Last night I ended the day by performing an evening devotional- something that I have wanted to try for a while. I was energized and felt connected. I finished off by journaling and setting up to do a devotional in the morning.
I had plans of getting up with my alarm, take sometime to gently come to full awareness, perform my devotional and then start my day… I had plans, that is not how the day started. Instead I was woken up four minutes before my alarm by a phone call. My mother, sounding like a chattering blue jay, bouncing from limb to limb chittering and squawking excitedly. Now, I am not a morning person, and I had just laid down to sleep five hours earlier, so my original reaction was annoyance. But I got up, remembered my ritual from the previous night, found the humor in and made my way to my devotional altar. Resolved to perform my devotional. Now, I will admit that the performance of the devotional rite I did this morning, was not my ideal, it was not nearly as focused or as calm as I would have liked it, but I STILL made time for it. Previously, I would have foregone the ritual because the atmosphere, the feel was not right… I would find a reason to avoid it because I couldn’t do it perfectly. Today though, I changed my habit, I changed my reaction to stimuli and I made time. This is something we all need to do. Make time- yes it wasn’t ideal- WHEN IS LIFE EVER IDEAL? But it was my time and I did the work.
After finishing my ritual, able to laugh at the manner in which I was woken up, I got dressed shrugged off the inner critical voice that said that life wasn’t supposed to be like this today and that I was getting off to a bad start. Instead, I chuckled and said to myself- well this is how today is going to be, let’s get to it. I continued with the rest of my plans (sort of) I went to the store for the few small things we have been missing, this is a task I had been dreading and avoiding for a while; Since getting laid off I haven’t been out of the house that much-everyone else in my household has, they are still working and had stopped at stores on their way home for items that were pressing. But me, I had ensconced myself in my safe warm home, today I was going to the store for the first time in about a week and the difference I experienced was interesting to say the least.
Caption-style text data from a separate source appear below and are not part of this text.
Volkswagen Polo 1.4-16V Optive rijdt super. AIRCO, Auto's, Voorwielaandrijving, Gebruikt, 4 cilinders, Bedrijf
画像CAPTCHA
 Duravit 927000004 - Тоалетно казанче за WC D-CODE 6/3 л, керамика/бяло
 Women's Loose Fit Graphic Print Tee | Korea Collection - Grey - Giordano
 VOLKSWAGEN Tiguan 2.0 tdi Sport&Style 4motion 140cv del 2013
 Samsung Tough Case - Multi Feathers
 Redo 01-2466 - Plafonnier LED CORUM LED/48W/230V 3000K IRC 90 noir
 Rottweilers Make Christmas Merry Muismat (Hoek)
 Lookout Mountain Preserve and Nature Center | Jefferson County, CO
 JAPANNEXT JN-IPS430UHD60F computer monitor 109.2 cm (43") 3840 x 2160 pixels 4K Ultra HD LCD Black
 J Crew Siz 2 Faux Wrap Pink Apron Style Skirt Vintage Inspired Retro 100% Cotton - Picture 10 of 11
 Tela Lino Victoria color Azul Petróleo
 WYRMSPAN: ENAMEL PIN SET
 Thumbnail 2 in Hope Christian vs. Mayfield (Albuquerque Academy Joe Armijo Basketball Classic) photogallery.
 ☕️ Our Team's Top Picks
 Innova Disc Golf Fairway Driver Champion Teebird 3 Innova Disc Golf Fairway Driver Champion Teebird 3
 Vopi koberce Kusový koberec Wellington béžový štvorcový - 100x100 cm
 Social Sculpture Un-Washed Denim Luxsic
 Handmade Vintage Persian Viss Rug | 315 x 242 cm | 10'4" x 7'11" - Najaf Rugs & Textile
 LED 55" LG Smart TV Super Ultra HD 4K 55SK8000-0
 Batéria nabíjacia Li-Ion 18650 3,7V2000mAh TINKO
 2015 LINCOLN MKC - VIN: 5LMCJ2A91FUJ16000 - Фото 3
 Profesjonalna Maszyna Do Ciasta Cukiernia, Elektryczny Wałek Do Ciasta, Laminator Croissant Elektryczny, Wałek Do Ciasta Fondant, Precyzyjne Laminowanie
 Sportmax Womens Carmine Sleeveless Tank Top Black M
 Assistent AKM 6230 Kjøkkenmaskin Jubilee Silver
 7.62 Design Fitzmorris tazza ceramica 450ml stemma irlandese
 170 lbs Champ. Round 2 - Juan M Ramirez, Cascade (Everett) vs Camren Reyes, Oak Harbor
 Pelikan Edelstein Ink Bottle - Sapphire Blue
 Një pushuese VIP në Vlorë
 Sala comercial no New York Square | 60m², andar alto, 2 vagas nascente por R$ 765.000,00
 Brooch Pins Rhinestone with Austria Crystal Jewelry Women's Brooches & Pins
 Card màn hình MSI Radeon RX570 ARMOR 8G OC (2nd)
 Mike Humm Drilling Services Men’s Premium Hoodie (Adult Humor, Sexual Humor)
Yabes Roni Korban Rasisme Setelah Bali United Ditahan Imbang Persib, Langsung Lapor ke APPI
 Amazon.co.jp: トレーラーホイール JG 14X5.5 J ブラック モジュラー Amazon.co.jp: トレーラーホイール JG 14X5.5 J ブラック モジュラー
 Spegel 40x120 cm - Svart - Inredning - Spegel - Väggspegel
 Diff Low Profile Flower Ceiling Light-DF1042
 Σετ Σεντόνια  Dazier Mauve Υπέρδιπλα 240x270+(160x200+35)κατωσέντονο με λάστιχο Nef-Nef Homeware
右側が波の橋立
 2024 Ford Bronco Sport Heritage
Shelves that were normally stocked full of things were empty, I wasn’t sure if I could find everything on my list and there was a different energy around the shopping experience that normal. I know I should be anxious, I should be worried and concerned (trust me worried and concerned is the natural state of my being) however, today…the day I had plans, a day in the middle of a situation like most of us have not seen in our lives before, I am calm. I am capable of seeing the humor behind these experiences and I have a smile struggling not to come out (I am pretty sure that others would think there was something really wrong if I smile the way I feel like smiling). I feel a “knowing” deep down that I can’t seem to explain.
After making my purchases, we left the store and grabbed a bite to eat (a relatively normal event) except that we couldn’t go inside and sit down, so instead we went through drive thru then take it to the park where we sit in our car and eating it. Somehow, the feel of the sun on my arm is blessedly normal and yet a reminder of how strange the world has become. I must say I was more mindful today than I have been in a long time. I truly tasted the hamburger that I ate, I was aware of the sun, the wind and the precious moment I was getting to spend with my mother.
Once home, I managed to mark off one of the things on my list- clean the living room, and I must say that I am filled with pride over the good job that I have done with it. Again I have a moment of mindfulness and I, for once take the time to appreciate my effort and the result it brings about. The last thing on my list is writing and meditating. I am currently working on the prior and will soon work on the latter.
The point of this long story is: Despite the day starting completely differently than I had planned I was still able to complete my list and I could do it with grace. This is a great moral for life. We all make plans and generally nothing goes as planned, but when we are centered and grounded we can go with the flow, remain graceful and calm and still accomplish our goals.
So glad you’re staying on top of this blog. I enjoy reading your words!!! As far as the grocery store, we haven’t had toilet paper for at least two weeks now and see no relief in sight. A lot of our restaurants are completely closed, and others are curbside or drive through only. Pretty creepy stuff. Most of the items we need can be gotten at price cutters except toy paper there two. Not quite sure what that ergency is but whatever. Back to the subject at hand. As usual you have inspired me to take some time for spiritual work!!!